[collectd] Authentication/Encryption for the network plugin.

Sun Apr 12 20:41:17 CEST 2009

Hi Thorsten,

On Sat, Apr 11, 2009 at 09:05:12AM -0700, Thorsten von Eicken wrote:
> Cool! I believe a more powerful scheme is needed, but this is a great
> start. It would be really good to explain in the man page what you're
> signing and encrypting. Also, your english is a bit confusing around
> the "Sign" option. I believe you want to say that the receiver
> requires signed input data which may optionally also be encrypted.

I've fixed/changed bits and pieces all day on Saturday, so some of what
I wrote previously has been superseded.

First off: The network packet consists of “parts”, which all have the
following form:
 +-+-+----------+
 !T!L! Data ... !
 +-+-+----------+
 T == type of data (2 bytes)
 L == length of the part (including the two header fields, 2 bytes)

Parts of an unknown type are skipped. This is possible, because the
length of the part is known and ensures forward-compatibility.

> I'm assuming the signature is something like:
>    SHA1(shared_secret + ":" + unsigned_data)
> and the resulting packet becomes
>    unsigned_data + signature

It is now HMAC-SHA-256, so the call would be something like this in
pseudocode:
 hash = hmac_sha256 (shared_secret, data)
I've learned, that simply doing “hash = sha256 (secret + data)” is prone
to attacks.

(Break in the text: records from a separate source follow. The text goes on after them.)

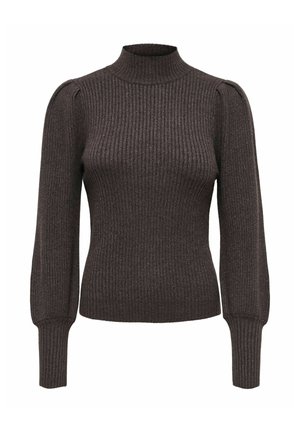 ONLY, ONLKATIA L/S HIGHNECK PULL KNT NOOS - Striktrøje - chocolate torte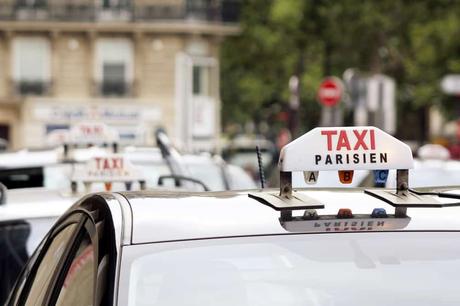 Taxi parisino, París, Francia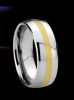 Sell tungsten ring with gold inlays jewelry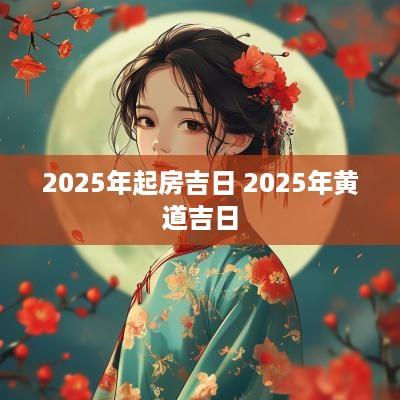 2026年起房吉日 2026年黄道吉日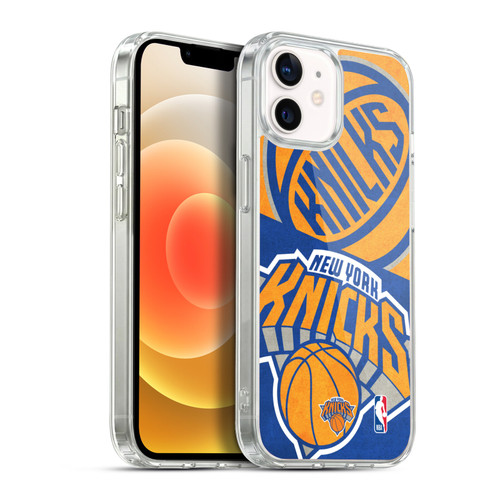 NBA New York Knicks Half Oversized Soft Gel Case for Apple iPhone 12 / iPhone 12 Pro & MagSafe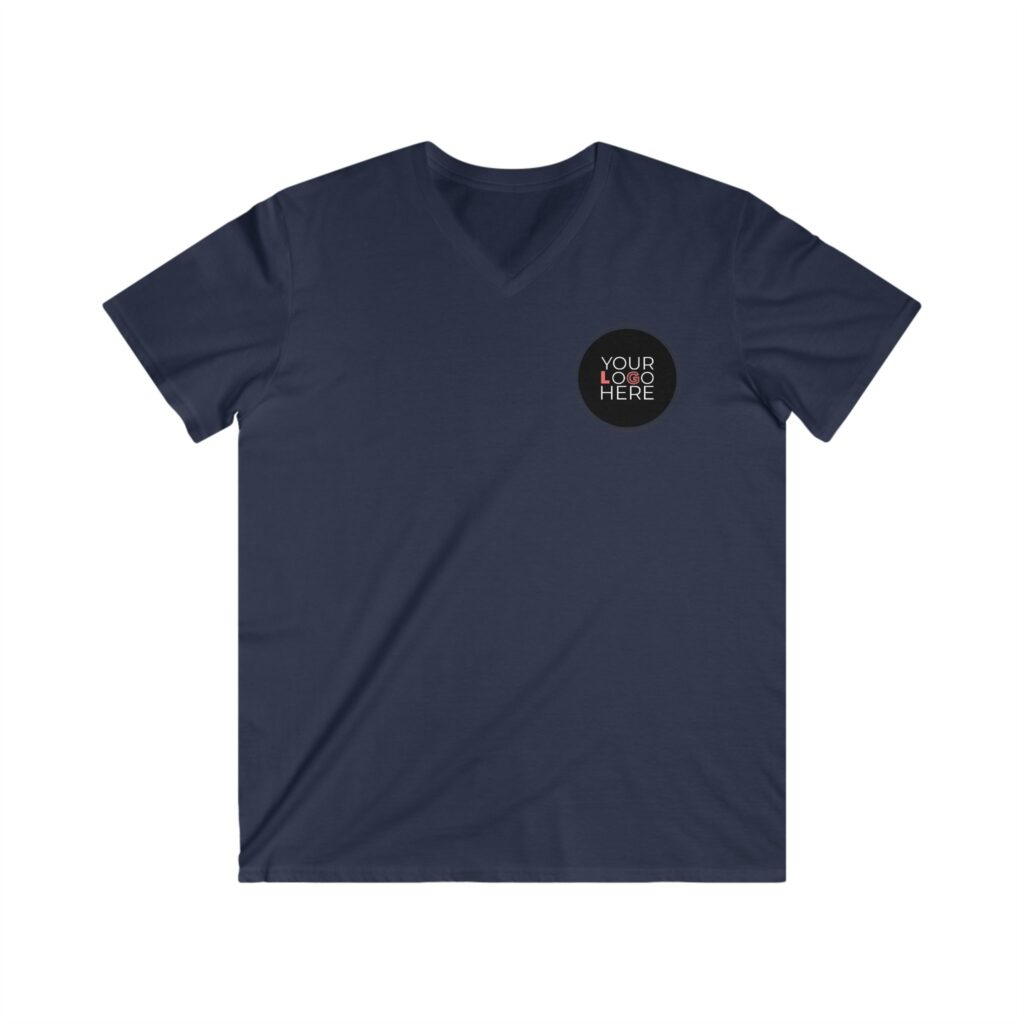 Men'S Fitted V-Neck Short Sleeve Tee - Image 13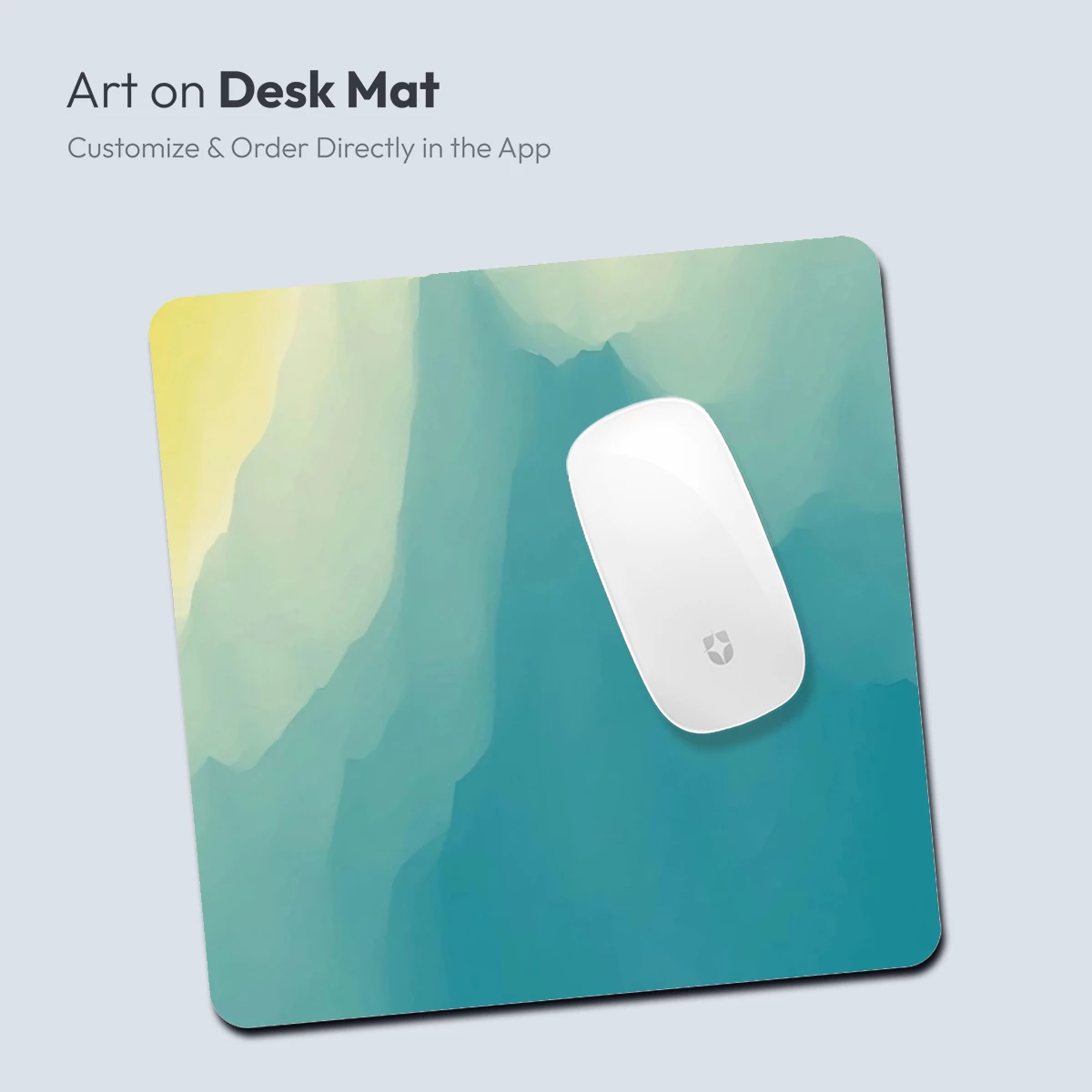 Abstract Mountain Dawn: Color Fusion Landscape - Image 3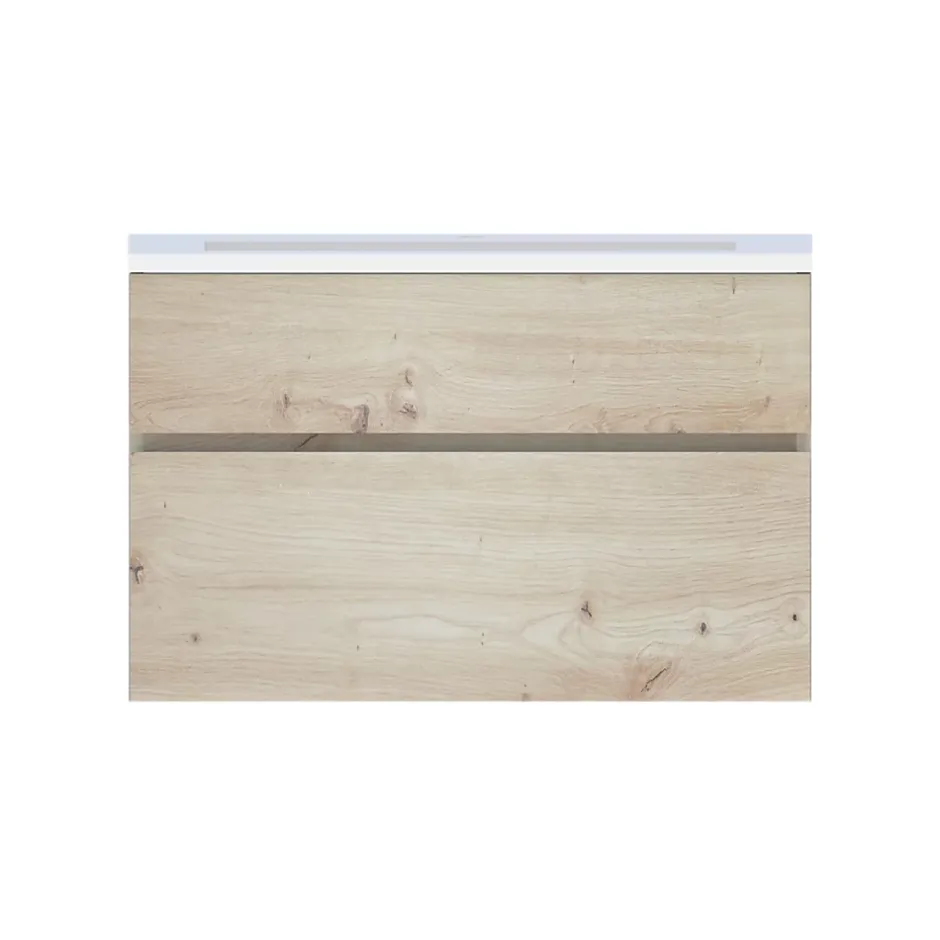 Cooke & Lewis Plan vasque faible profondeur l.90 cm blanc en résine, Calao* Plan Simple Vasque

Since libgcrypt offers the HMAC functions, I'm using those.
The “part” looks like this:
 +-+-+------+
 !T!L! Hash !
 +-+-+------+
 Hash == HMAC-SHA-256 hash (32 bytes => L = 36)
Currently the signature is assumed to sign ALL following data, i. e.
everything following the “part”. This way, older servers receiving such
a signature can simply skip it.

An alternative would be to put the signed data as payload into the part,
i. e. something like this:
 +-+-+------+---------+
 !T!L! Hash ! Payload !
 +-+-+------+---------+
 L == 36 + length(Payload)
The advantage would be that you could mix signed and unsigned data in
the packet or sign some data with one key and some other data with some
other key.

I think compatibility to older clients is worth the slightly inelegant
design of the first (and implemented) approach and that the mentioned
(now impossible) features are not important enough to break compati-
bility. It would, however, be very easy to add another part-type which
behaves according to the second description, making both possibilities
available.

> And is the encryption something like:
>    AES(shared_secret, iv + unencrypted_data)
> and the resulting packet:
>    iv, encrypted_data
> where iv is a randomly generated "initialization vector"?

Basically it's along this line:
  hash = sha1 (data);
  e = aes256 (shared_secret, (hash, data))
In the packet there will be:
 +-+-+-+---------+------+---------+
 !T!L!l! Padding ! Hash ! Payload !
 +-+-+-+---------+------+---------+
      ^^^^^^^^^^^^^^^^^^^^^^^^^^^^
 l    == length(Payload) (2 bytes)
 Hash == SHA-1 hash (20 bytes)
The data marked with ‘^’ will be encrypted, i. e. the entire payload.
Because the length of the buffer passed to AES must be a multiple of 16,
0–15 padding bytes are necessary and we cannot calculate the size of the
payload from L, therefore it is included (l). Padding bytes are filled
with random content.

Encryption is done without initialization vector (IV) and AES is set up
to work in cipher-block chaining mode (CBC). When talking with Sebastian
yesterday we realized that this allows for known plaintext attacks if
you have the network plugin set up to forward data using encryption. So
I will probably add a 16 byte IV and possibly rearrange the parts a bit.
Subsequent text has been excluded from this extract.